Your assignment: Please retype, word for word, the line containing "SpeedLink DECUS NX" and every line after it through the end of the records, leaving out all pictures.

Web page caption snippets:
*****
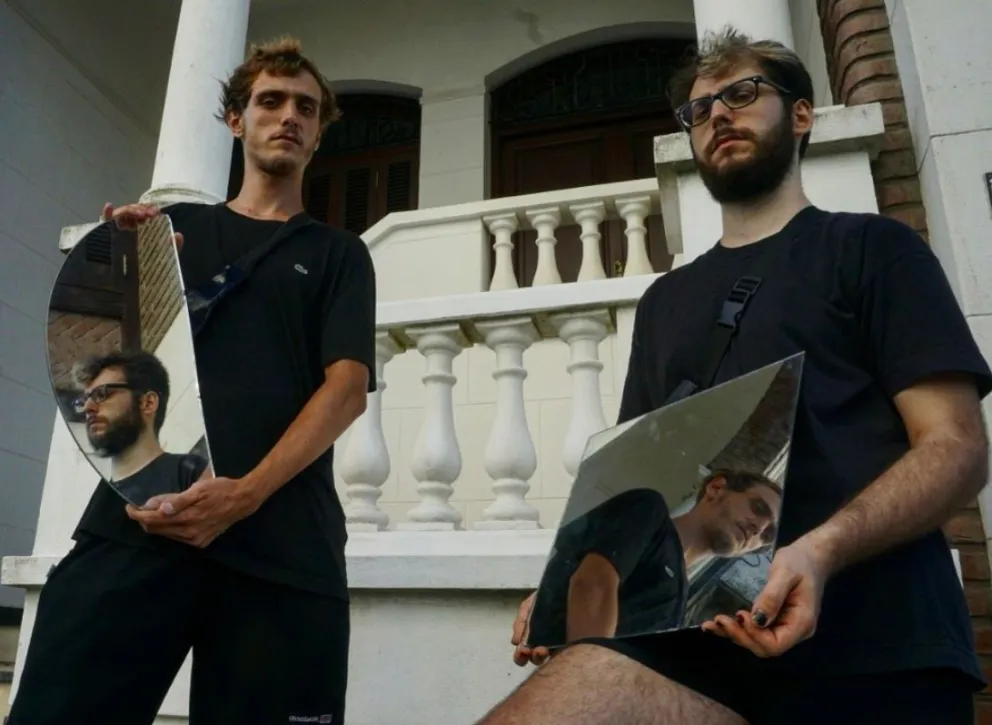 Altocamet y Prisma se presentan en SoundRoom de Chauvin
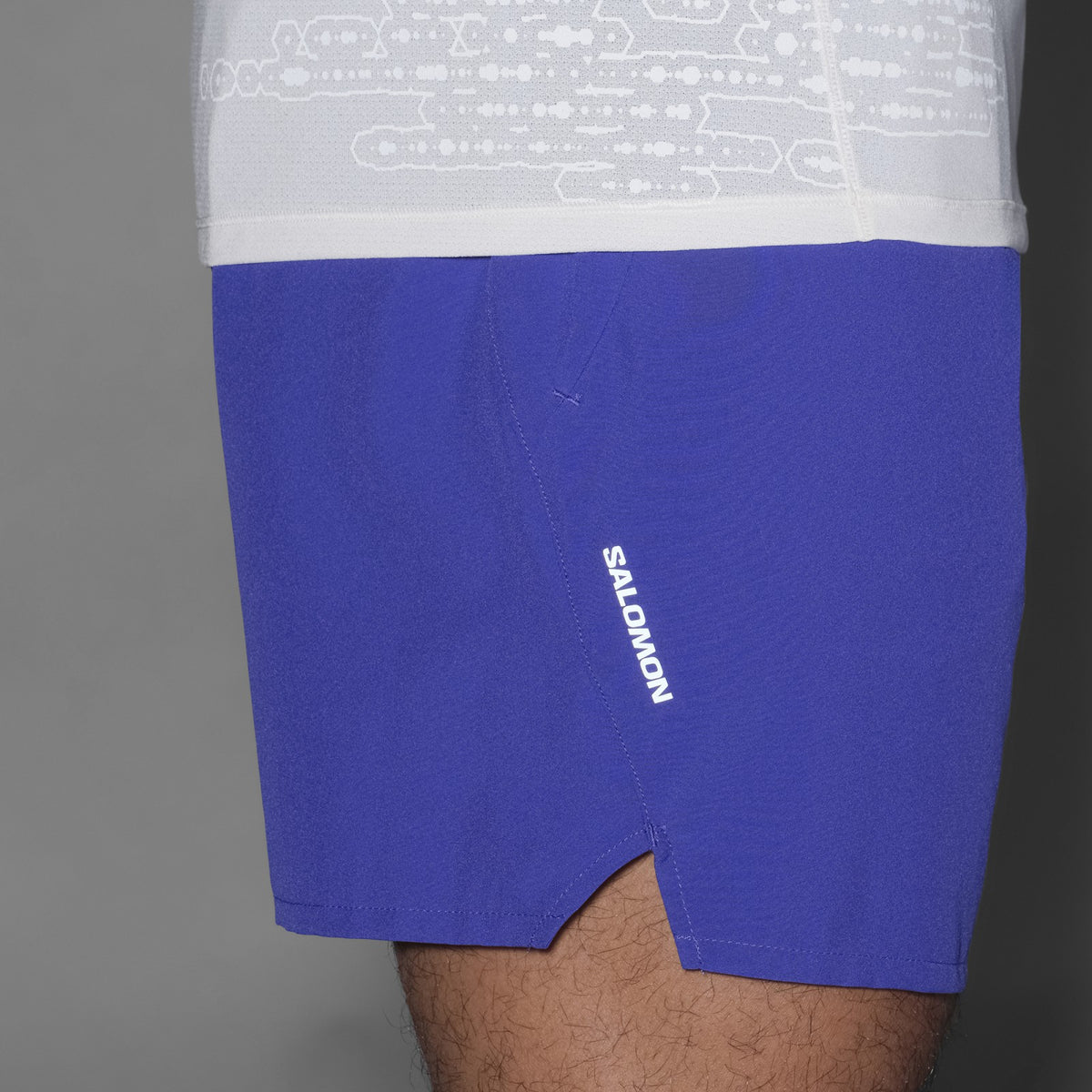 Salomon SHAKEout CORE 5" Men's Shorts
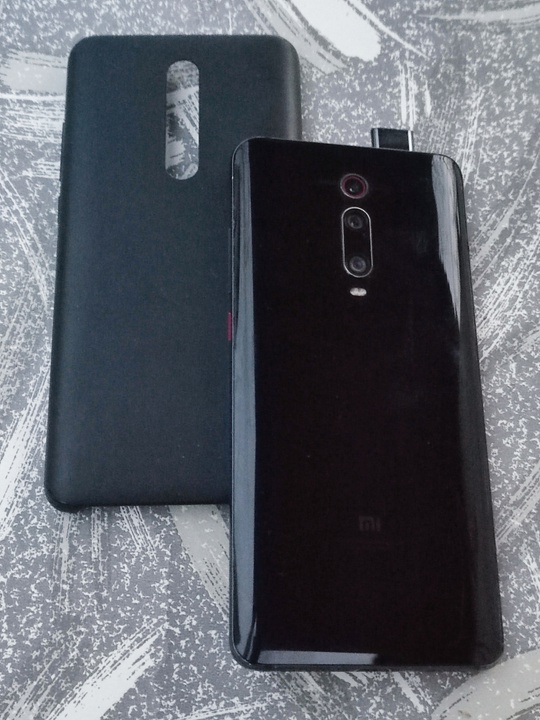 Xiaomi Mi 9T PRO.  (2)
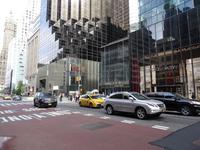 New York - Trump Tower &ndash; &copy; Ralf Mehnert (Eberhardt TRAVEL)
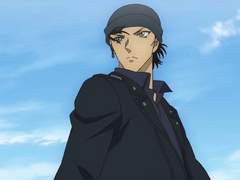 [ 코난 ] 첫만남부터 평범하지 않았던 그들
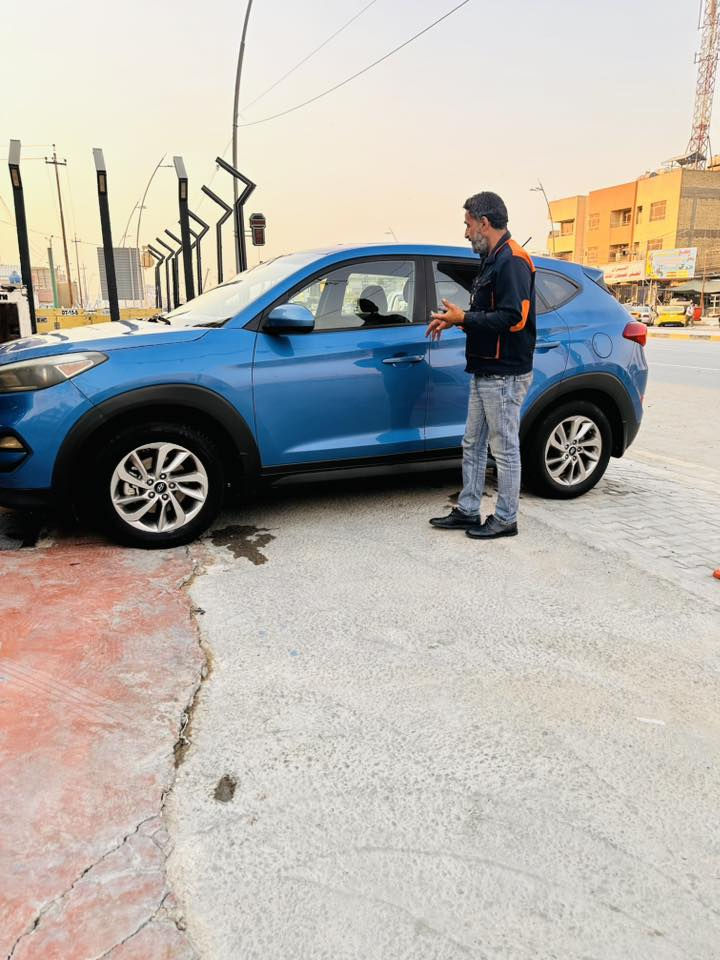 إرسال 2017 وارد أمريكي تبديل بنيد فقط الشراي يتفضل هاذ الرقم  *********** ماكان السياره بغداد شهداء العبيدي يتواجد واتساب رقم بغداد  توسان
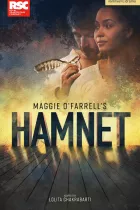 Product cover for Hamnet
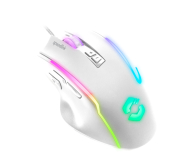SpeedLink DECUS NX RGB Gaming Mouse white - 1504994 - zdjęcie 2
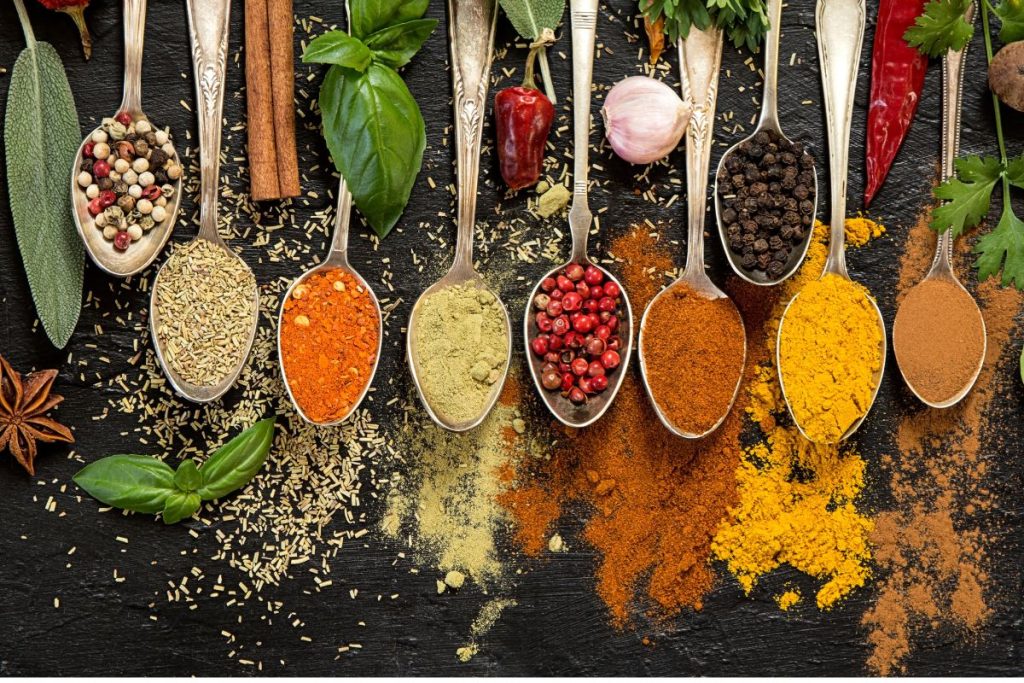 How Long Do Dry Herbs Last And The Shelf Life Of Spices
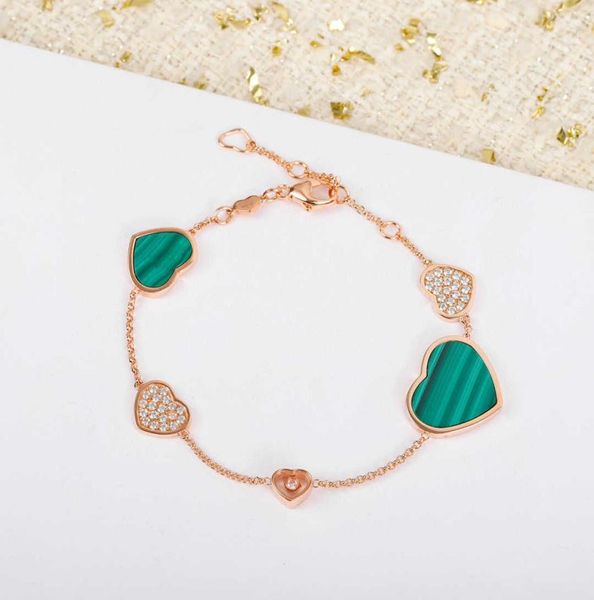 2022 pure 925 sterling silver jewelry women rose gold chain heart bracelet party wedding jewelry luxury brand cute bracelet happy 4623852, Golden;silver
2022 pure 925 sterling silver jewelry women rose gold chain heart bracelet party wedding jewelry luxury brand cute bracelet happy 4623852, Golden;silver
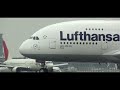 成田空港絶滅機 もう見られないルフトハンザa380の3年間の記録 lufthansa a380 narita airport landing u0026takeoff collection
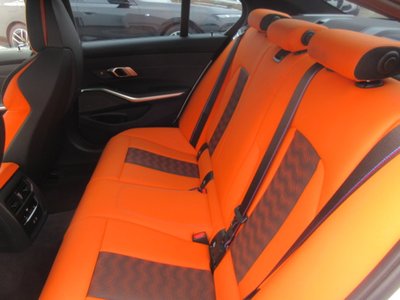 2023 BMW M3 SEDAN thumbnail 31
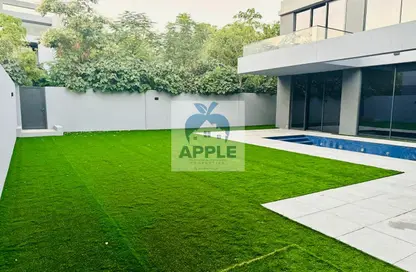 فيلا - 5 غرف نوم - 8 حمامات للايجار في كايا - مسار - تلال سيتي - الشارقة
*****
The answer:
SpeedLink DECUS NX RGB Gaming Mouse white - 1504994 - zdjęcie 2
 How Long Do Dry Herbs Last And The Shelf Life Of Spices
 2022 pure 925 sterling silver jewelry women rose gold chain heart bracelet party wedding jewelry luxury brand cute bracelet happy 4623852, Golden;silver
2022 pure 925 sterling silver jewelry women rose gold chain heart bracelet party wedding jewelry luxury brand cute bracelet happy 4623852, Golden;silver
 成田空港絶滅機 もう見られないルフトハンザa380の3年間の記録 lufthansa a380 narita airport landing u0026takeoff collection
 2023 BMW M3 SEDAN thumbnail 31
 فيلا - 5 غرف نوم - 8 حمامات للايجار في كايا - مسار - تلال سيتي - الشارقة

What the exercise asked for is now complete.